The same day that he signed the asylum memorandum, Trump tweeted, “The Coyotes and Drug Cartels are in total control of the Mexico side of the Southern Border… They have labs nearby where they make drugs to sell into the US. Mexico, one of the most dangerous countries in the world, must eradicate this problem now. Also, stop the MARCH to US.”
Also on Monday, the Defense Department announced that Acting Defense Secretary Patrick Shanahan had approved a request by the DHS that the military send an additional 320 troops to the southern border, adding to the more than 6,000 already there in what has effectively become a permanent military presence.
The Democratic Party has facilitated the administration’s escalating anti-immigrant campaign by a combination of silence and complicity. In recent weeks it has shifted further to the right, adapting itself more directly and openly to Trump’s anti-immigrant policies.

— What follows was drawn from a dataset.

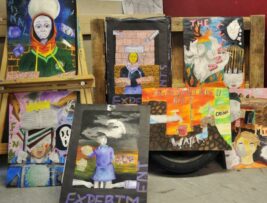 One of the Alexandra High School Grade 12s visual arts exhibitions at the Annual Sibandla Theatre Festival.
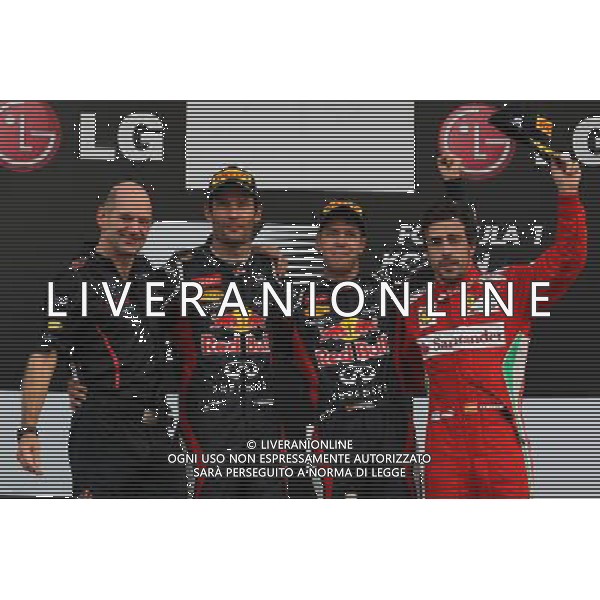 Adrian Newey (GBR) Red Bull Racing Chief Technical Officer with 1st place Sebastian Vettel (GER), Red Bull Racing 2nd place Mark Webber (AUS), Red Bull Racing and 3rd place Fernando Alonso (ESP), Scuderia Ferrari 14.10.2012. Formula 1 World Championship, Rd 16, Korean Grand Prix, Yeongam, Korea, Race Day - www.xpbimages.com, EMail: requests@xpbimages.com - copy of publication required for printed pictures. Every used picture is fee-liable. © Copyright: Batchelor / XPB Images AG ALD LIVERANI S A S ONLY ITALY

It now echoes the White House’s talk of a “crisis” at the border that demands extraordinary measures. In fact, the so-called “crisis” is the result of Trump’s anti-asylum policies, which have forced desperate refugees to cross the border in more remote areas so they can turn themselves in to the border police and apply for refuge in the US. This is combined with the catastrophic social and political conditions in Central America caused by a century of US imperialist interventions, coups, CIA-trained death squads and US-backed dictatorships, by means of which the US ruling class has economically exploited the region and its working population.
In recent days, New York Times commentator Thomas Friedman has penned a column backing Trump’s border wall and his demand for a “merit-based” immigration system and Bernie Sanders has denounced “open borders” and warned of a flood of impoverished people coming into the US, supposedly threatening the jobs and wages of US workers.

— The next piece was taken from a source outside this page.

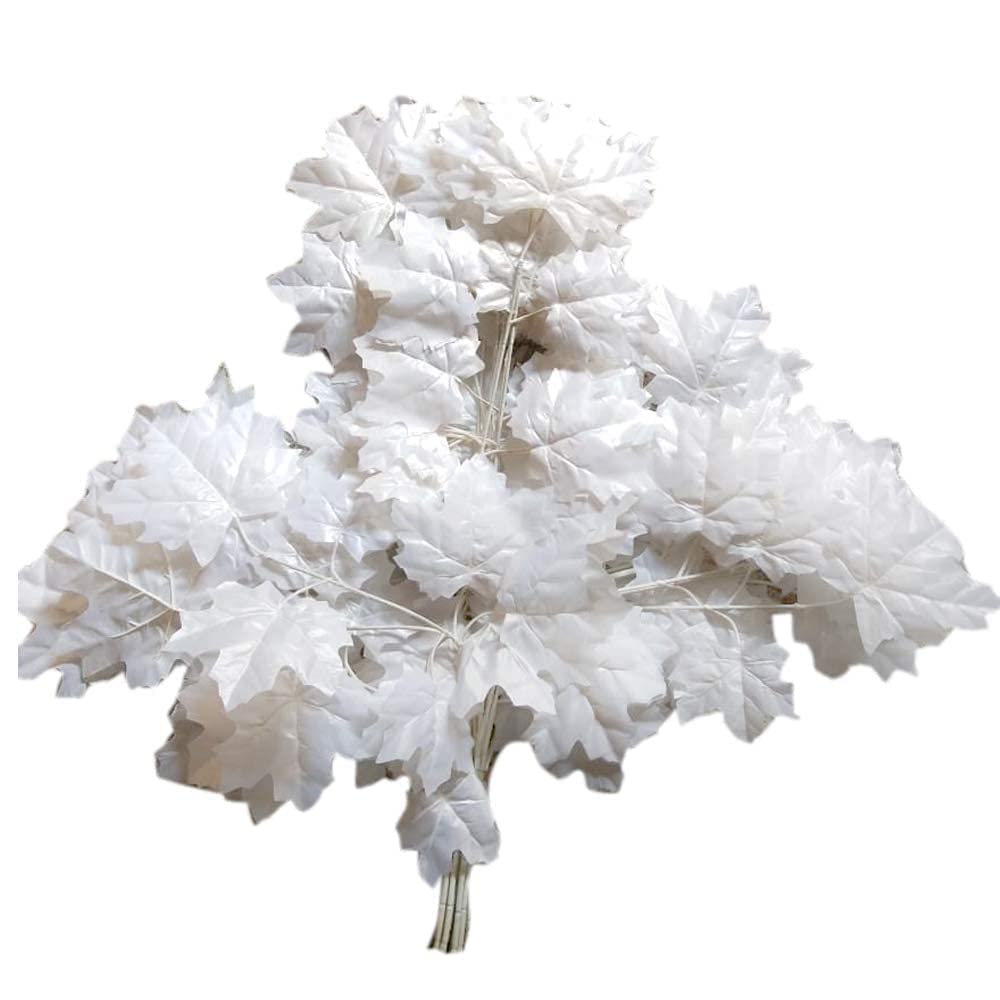 Artificial Maple Leaves Simulation Decorative Maple Leaves Fall Leaves Stick for Home Wedding Party Decor Artificial Plant (34 cm, White 1)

On Tuesday, one day after Trump’s attack on the right to asylum, Democratic House Speaker Nancy Pelosi and Senate Minority Leader Charles Schumer met behind closed doors with Trump and emerged to praise the meeting as “productive” and reiterate their eagerness to work with the White House. Speaking to reporters, they did not say a word about Trump’s asylum memorandum or any other aspect of his anti-immigrant policy.
Responding to Trump’s memorandum, James Davis, an immigration attorney with Immigration Legal Services of Chula Vista, California, told the World Socialist Web Site that “what they are trying to do is close the door.”
He continued: “I fear that people will just be denied without a fair process. They don’t want so many credible fear interviews processed,” even though “they are nearly always denied.”
Davis added: “These people don’t have money. To charge a fee for asylum is a way to prevent people from being able to apply for asylum. Most asylum applicants have left everything behind and they come with nothing. The conditions they are fleeing have gotten so bad, they leave their home, their job, all their belongings except what they can carry on their backs.
“There are many cases where women, for instance, have been forced into servitude, raped and assaulted, even by border patrol and border agents. Everything has been taken from them and they have paid such a price. Now they say we are also going to require something more of you!
“This runs contrary to international asylum law. Asylum is based on humanitarian law. You cannot charge a fee for that.”